Do Numbers Really Lack Any Value or Is it Just Envy?

Social media comes with the endless debate about numbers, which matter and which don’t. It does not matter how many people follow/friend you or subscribe to your feed, it does not matter how many visit your site, what matters is what they do. Who cares you have 30,000 followers if only 2 ever retweeted your stuff? Numbers can be bought, they hold no value.

You’ve heard all this before. But apart from the obvious, in-your-face truth - 5000 followers that RT you constantly and answer your questions, ask for your help, turn into leads and buy your products are certainly more valuable than 10,000 passive ones – when did these statements become about envy? When did the sour grapes replace thorough analysis and measurement?

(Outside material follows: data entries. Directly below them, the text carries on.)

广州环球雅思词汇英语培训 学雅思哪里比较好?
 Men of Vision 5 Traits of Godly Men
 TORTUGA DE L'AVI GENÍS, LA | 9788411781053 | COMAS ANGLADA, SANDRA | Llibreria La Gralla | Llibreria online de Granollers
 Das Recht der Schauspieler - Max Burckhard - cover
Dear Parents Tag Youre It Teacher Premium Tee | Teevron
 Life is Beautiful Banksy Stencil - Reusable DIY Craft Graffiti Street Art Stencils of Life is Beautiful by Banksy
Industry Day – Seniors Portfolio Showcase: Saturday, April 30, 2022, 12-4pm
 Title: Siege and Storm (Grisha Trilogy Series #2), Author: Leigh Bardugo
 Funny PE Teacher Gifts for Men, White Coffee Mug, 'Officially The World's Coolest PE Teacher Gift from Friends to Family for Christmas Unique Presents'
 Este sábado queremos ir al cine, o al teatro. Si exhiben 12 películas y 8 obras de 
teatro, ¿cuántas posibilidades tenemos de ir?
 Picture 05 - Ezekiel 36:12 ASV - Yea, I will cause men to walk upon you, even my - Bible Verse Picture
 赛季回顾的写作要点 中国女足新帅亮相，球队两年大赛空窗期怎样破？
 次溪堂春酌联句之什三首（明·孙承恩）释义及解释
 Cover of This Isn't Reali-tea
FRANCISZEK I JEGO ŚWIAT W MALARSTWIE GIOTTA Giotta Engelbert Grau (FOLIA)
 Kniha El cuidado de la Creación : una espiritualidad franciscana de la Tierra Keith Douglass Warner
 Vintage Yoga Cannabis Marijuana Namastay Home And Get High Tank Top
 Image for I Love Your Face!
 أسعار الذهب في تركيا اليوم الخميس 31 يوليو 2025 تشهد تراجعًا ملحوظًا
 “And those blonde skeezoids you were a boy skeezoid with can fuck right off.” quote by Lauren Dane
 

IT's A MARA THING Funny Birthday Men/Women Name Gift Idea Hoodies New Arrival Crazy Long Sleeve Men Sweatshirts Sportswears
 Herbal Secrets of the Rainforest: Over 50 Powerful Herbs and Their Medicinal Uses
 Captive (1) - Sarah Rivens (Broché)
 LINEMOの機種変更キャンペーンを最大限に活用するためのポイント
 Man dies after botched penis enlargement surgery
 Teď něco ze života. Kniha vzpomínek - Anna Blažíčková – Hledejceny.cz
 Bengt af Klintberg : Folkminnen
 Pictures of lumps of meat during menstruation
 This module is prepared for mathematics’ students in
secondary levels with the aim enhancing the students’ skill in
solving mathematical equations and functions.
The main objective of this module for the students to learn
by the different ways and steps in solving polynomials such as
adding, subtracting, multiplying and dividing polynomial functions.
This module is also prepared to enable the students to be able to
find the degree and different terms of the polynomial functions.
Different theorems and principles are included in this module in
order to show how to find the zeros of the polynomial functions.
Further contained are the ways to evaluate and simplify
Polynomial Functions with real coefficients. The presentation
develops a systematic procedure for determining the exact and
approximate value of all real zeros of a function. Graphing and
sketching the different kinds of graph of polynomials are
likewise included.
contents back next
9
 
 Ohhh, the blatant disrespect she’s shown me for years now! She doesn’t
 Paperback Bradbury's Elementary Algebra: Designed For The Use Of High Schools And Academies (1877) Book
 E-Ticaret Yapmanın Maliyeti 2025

Let’s face it people, to some extent, numbers do matter. If  you’re Vodafone Romania, have millions of subscribers and in a year and a half of Twitter presence (with a social media dedicated team, albeit small) you only have 3000 followers, that’s an almost OK result of sorts, but not something a senior marketer should brag about!

If you are happy with the about 1000 followers you as an individual or company have, with the few hundred likes on Facebook and the few dozens of circle inclusions on Google+ (hey, it’s new, ok?), that’s fine! But don’t go boosting a better than though attitude to those who think a 5,000 limitation is too low!

If you’ve been in the online communities for a while, you might have an idea who Chris Brogan is. I absolutely admire him and what he does and he always amazes me with his social skills and apparent ability not to sleep at all. He’s got a problem with both Facebook and Google+ because they have a not surprisingly similar limit of 5000 contacts per account. He fixed it on Facebook with a page, which as he pointed out, might seem a bit impersonal, and he is looking for a Google+ solution. Although he has quite an impressive following on any networks he sets up shop on, no one occasionally interacting with him would ever dare say he only cares about the numbers and not the value and the relationships.

So imagine my surprise when I noticed some comments stating it’s good numbers are limited, people will finally focus on value!!! Are you for real?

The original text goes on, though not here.